Your task:
Reproduce word for word the lines between the one containing "Womens Vintage Michiyuki" and the end of the entries below, both inclusive; leave out pictures.

----

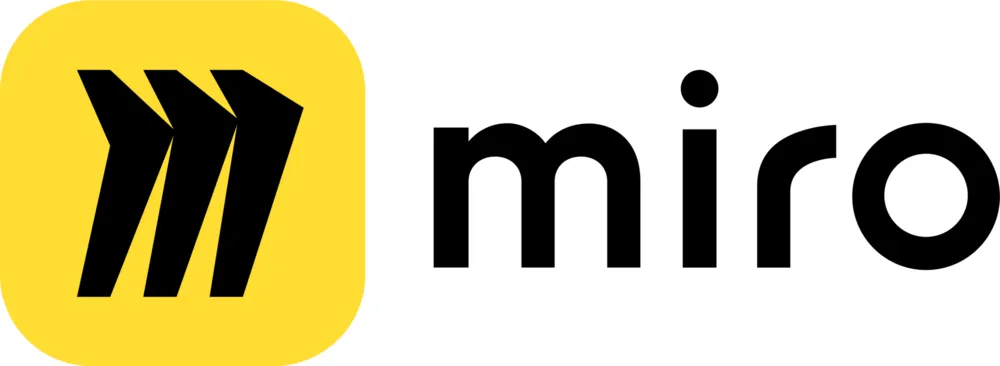 Product Logo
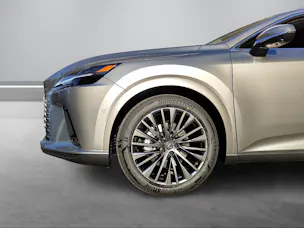 Lexus RX 450h+ Excellence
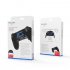 Controller  Adapter Fps  Controller Mapping  Key  Gamepad  Trigger  Button  Joystick  For  Ps4  Slim pro For  Ps4  Controller  Turbo  Pubg black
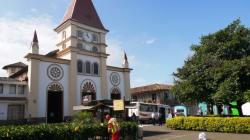 Conozca a los ocho aspirantes a la Alcaldía de Villamaría (Caldas)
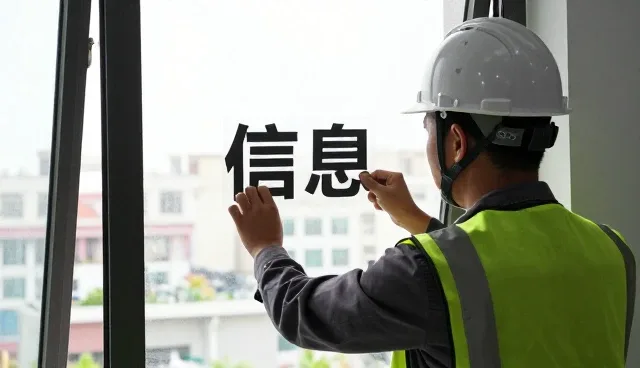 浙江星科猫信息技术有限公司解答关于信息技术咨询的问题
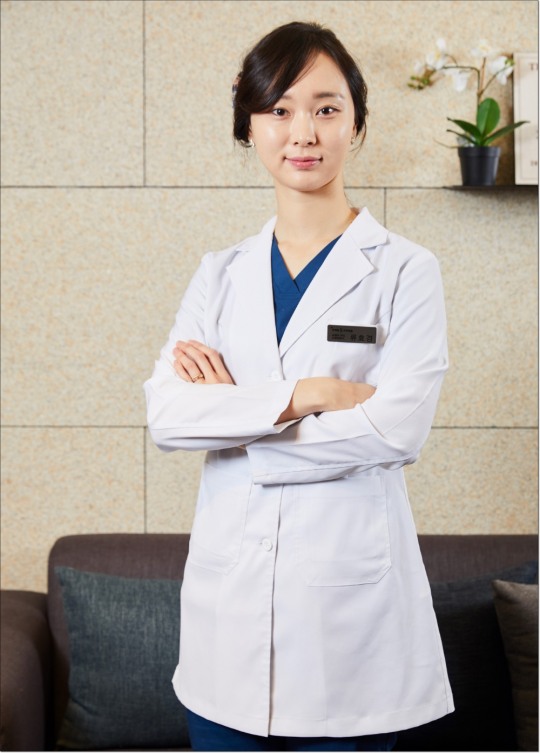 소아교정, 이런 게 궁금해요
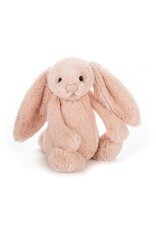 JellyCat Little Bashful Blush Bunny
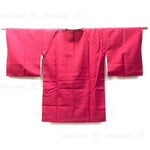 Womens Vintage Michiyuki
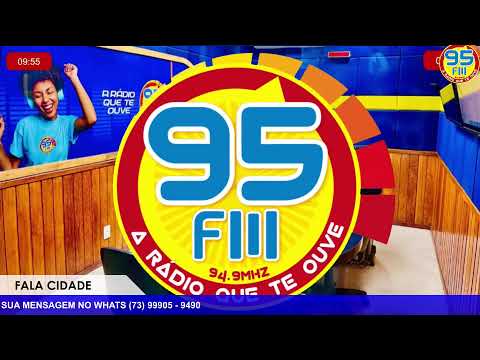 FB-1550820563273828-0-Ab4sOp9qXTmZZHcxlYmcXyB5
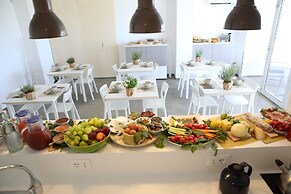 I Giardini della Castellana B&B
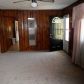 2828 Rosebud Road, Loganville, GA 30052 ID:8067782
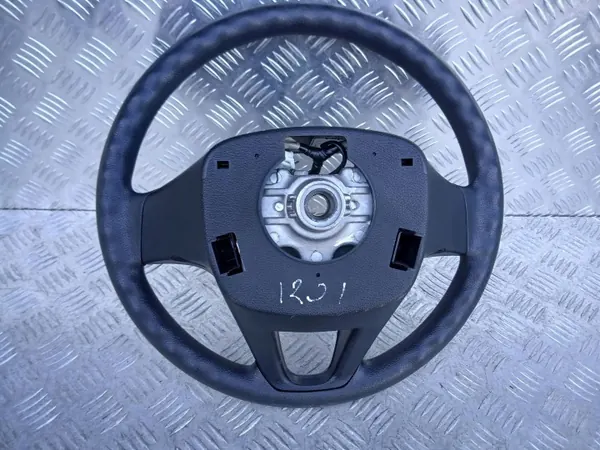 Hyundai I20 Stuurkolom OEM I20IKIEORWNICA image 8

----

Result for this exercise:
 Womens Vintage Michiyuki
 FB-1550820563273828-0-Ab4sOp9qXTmZZHcxlYmcXyB5
 I Giardini della Castellana B&B
 2828 Rosebud Road, Loganville, GA 30052 ID:8067782
 Hyundai I20 Stuurkolom OEM I20IKIEORWNICA image 8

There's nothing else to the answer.